I can actually get enough braking force out of them but as also mentioned if doing a cross race and braking into barriers you trap your non braking fingers under the lever every time. Might try the stiffer BH90 hose to at least make the lever firmer once the pads have moved in to the disc and reduce travel that way.


----------



## cxwrench (Nov 9, 2004)

Sounds to me like you're not bleeding them correctly. I've installed them on lots of bikes and have had no problems like this.


----------



## warx (Aug 29, 2012)

That's what I thought but the pads start moving immediately the levers move. It just takes a lot of travel to move the pads in. Once they're touching the disc they are pretty firm just a half of the lever movement is already used up. There's like 1mm of clearance of pad and disc which seems a lot to me. If they just stopped backing off the disc so much they would be great.


----------



## ghettocop (Apr 19, 2014)

After you do a complete, thorough, and correct bleed, pump the lever a few times with the system closed. Then (keeping the lever end closed) open the bleed valve at the caliper and force some more fluid into the caliper. Don't push the syringe as hard as you can or anything, but push hard enough that you can see and feel a small amount of fluid enter the caliper. Close valve and check lever pull now. I have done this a few times on various shimano systems to get a really "high and hard" lever. Seems to work.


----------



## warx (Aug 29, 2012)

OK. Thanks. Will try that. I bleed as the manual instructs and did the final hold lever and open bleed port for half-second to squirt some liquid back into the syringe. Did this twice as I noticed if you do it more then it starts to get worse even though there's no re-introduction of air anywhere. 

I guess what you're doing with one-last syringe plunge is sort of pre-loading the pressure a bit and perhaps closing the pads in. Do you find you have to repeat this once the pads wear a bit? I don't really know how the reservoir works on these levers and when is shuts it off and starts pressurizing but felt like that was too far into the lever travel.


----------



## nhluhr (Sep 9, 2010)

If you're following the correct procedure ( http://si.shimano.com/php/download.php?file=pdf/dm/DM-BR0004-02-ENG.pdf ) it sounds to me like maybe you're either missing steps like forgetting to turn the freestroke/reach adjustment screws to the correct position before bleeding or maybe you're forgetting to use the red pad spacer to properly space the pistons before installing the wheel.


----------



## Special Eyes (Feb 2, 2011)

I have a similar situation that I live with successfully. After adjusting the free stroke on the lever itself, there is still too much movement before the brakes kick in. The stroke adjustment on the lever if fairly useless, it is so small. I set the brakes up new on a new build and bled and checked. No air bubbles were ever introduced. I don't believe there are any other adjustments or methods to reduce the 2" of useless stroke of the lever before the brakes apply.

What red pad spacer are you talking about? None included or shown in the documentation. Also, I don't believe shimming the pad will lessen the free stroke.


----------



## nhluhr (Sep 9, 2010)

Special Eyes said:


> What red pad spacer are you talking about? None included or shown in the documentation.


Shimano hydraulic calipers come with the red pad spacer to ensure proper gapping for the standard 1.8mm rotor. In fact, all hydraulic brakes come with a spacer of some kind but Shimano's is red. This goes along with the yellow bleed block that you also use (if doing the job correctly).

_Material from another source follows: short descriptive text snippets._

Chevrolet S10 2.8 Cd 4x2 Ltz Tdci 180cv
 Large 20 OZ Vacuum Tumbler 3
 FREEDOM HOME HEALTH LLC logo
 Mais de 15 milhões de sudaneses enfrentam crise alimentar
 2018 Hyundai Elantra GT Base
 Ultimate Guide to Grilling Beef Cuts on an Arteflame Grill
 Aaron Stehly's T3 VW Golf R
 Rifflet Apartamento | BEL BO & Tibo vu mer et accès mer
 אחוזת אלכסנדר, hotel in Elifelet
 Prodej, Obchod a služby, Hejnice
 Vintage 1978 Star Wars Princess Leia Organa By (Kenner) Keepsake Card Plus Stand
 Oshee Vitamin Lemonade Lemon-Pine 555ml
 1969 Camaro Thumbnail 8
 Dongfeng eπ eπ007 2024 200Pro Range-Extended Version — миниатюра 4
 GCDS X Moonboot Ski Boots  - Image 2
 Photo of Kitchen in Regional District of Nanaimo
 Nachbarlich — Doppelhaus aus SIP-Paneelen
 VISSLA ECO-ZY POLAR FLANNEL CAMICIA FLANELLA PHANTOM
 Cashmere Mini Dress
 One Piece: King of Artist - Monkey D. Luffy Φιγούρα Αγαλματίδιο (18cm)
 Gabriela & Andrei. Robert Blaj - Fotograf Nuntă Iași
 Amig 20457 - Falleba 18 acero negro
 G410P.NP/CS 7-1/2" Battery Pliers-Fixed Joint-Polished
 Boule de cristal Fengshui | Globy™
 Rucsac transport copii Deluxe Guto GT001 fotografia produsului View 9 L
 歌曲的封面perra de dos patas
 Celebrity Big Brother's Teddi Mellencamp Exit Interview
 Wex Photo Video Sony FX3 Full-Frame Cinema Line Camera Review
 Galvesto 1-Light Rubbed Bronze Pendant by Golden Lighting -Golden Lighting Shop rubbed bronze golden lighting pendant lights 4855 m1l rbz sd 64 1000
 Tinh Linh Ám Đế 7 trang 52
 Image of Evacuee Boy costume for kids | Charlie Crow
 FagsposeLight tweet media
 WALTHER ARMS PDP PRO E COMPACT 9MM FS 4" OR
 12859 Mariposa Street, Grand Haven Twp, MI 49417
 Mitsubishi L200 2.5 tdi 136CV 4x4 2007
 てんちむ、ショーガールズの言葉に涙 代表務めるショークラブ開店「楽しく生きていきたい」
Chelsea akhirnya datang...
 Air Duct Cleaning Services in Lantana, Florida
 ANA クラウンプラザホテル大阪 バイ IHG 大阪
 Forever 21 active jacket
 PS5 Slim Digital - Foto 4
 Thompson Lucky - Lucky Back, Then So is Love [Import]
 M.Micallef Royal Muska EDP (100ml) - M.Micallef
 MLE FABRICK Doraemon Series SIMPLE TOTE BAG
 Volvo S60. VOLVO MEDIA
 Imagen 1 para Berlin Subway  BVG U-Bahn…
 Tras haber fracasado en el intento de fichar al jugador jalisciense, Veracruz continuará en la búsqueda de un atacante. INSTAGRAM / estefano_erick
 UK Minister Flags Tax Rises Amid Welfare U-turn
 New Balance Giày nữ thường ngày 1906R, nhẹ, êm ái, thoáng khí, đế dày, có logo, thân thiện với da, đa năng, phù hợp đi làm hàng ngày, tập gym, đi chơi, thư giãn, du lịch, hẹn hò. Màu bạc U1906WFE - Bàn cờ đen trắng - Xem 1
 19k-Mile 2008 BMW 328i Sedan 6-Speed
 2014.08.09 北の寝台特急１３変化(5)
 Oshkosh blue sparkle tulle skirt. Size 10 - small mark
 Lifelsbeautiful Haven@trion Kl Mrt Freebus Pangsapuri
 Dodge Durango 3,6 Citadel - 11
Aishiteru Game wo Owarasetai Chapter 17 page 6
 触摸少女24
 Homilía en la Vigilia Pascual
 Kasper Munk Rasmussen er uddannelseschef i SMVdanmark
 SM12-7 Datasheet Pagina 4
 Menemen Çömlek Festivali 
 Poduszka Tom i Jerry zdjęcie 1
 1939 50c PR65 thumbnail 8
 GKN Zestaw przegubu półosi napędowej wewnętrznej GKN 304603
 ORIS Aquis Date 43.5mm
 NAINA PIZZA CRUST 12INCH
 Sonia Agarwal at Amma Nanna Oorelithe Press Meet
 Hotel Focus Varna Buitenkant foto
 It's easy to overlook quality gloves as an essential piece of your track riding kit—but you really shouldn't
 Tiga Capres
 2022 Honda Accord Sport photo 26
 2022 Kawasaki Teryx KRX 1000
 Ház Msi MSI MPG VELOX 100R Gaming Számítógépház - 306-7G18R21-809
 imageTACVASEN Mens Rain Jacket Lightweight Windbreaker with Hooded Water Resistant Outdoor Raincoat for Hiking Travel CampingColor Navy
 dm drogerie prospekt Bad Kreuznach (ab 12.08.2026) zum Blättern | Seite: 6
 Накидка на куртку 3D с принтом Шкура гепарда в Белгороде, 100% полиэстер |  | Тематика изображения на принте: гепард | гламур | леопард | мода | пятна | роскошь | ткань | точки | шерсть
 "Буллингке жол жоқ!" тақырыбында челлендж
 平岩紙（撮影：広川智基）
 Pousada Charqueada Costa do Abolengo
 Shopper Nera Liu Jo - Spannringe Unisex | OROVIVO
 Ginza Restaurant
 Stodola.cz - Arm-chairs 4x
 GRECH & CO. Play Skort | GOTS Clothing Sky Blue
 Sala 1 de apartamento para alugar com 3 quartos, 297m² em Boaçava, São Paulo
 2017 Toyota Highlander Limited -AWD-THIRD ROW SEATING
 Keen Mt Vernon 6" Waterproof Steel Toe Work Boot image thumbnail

http://youtu.be/9JrDwRuu8Gw?t=36s


----------



## cxwrench (Nov 9, 2004)

nhluhr said:


> Shimano hydraulic calipers come with the red pad spacer to ensure proper gapping for the standard 1.8mm rotor. In fact, all hydraulic brakes come with a spacer of some kind but Shimano's is red. This goes along with the yellow bleed block that you also use (if doing the job correctly).
> 
> http://youtu.be/9JrDwRuu8Gw?t=36s


^This^ Hopefully you're not bleeding them w/ the rotor and pads in place. Bleed them w/ the yellow bleed block, then install the pads. Then use the red pad spacer to set the pistons. And follow all the other instructions in the linked Shimano doc provided.


----------



## warx (Aug 29, 2012)

Interesting. I understood the red spacer was used solely for checking the piston movement. It is only mentioned in the notes when there's no wheel/disc and you don't want the brakes applied accidentally and the sections "Adjustment when the pistons are not operating correctly" and "Replacing pads" under maintenance. They should really mention this in the "Installation" part.

I will use it to set the gap. I presume the spacer is thinner than the disc standard. A question I would ask is that do the pads stay gapped correctly as they wear if they need to be gapped by something thinner than a disc itself? Or must you regularly pop the red spacer in there to set it tighter again?

I ran into a Roubaix SL4 disc at Pantoll Station (Mt Tam, Norcal) today. Nice deep Roval carbon wheels, freeza centerlock rotors. I asked to feel his brakes (whoa!). He obliged and let me try and as I was he said "sometimes I pinch my fingers under the lever." This was a bike built by Specialized. Maybe this is a communication thing...


----------



## cxwrench (Nov 9, 2004)

warx said:


> Interesting. I understood the red spacer was used solely for checking the piston movement. It is only mentioned in the notes when there's no wheel/disc and you don't want the brakes applied accidentally and the sections "Adjustment when the pistons are not operating correctly" and "Replacing pads" under maintenance. They should really mention this in the "Installation" part.
> 
> I will use it to set the gap. I presume the spacer is thinner than the disc standard. A question I would ask is that do the pads stay gapped correctly as they wear if they need to be gapped by something thinner than a disc itself? Or must you regularly pop the red spacer in there to set it tighter again?
> 
> I ran into a Roubaix SL4 disc at Pantoll Station (Mt Tam, Norcal) today. Nice deep Roval carbon wheels, freeza centerlock rotors. I asked to feel his brakes (whoa!). He obliged and let me try and as I was he said "sometimes I pinch my fingers under the lever." This was a bike built by Specialized. Maybe this is a communication thing...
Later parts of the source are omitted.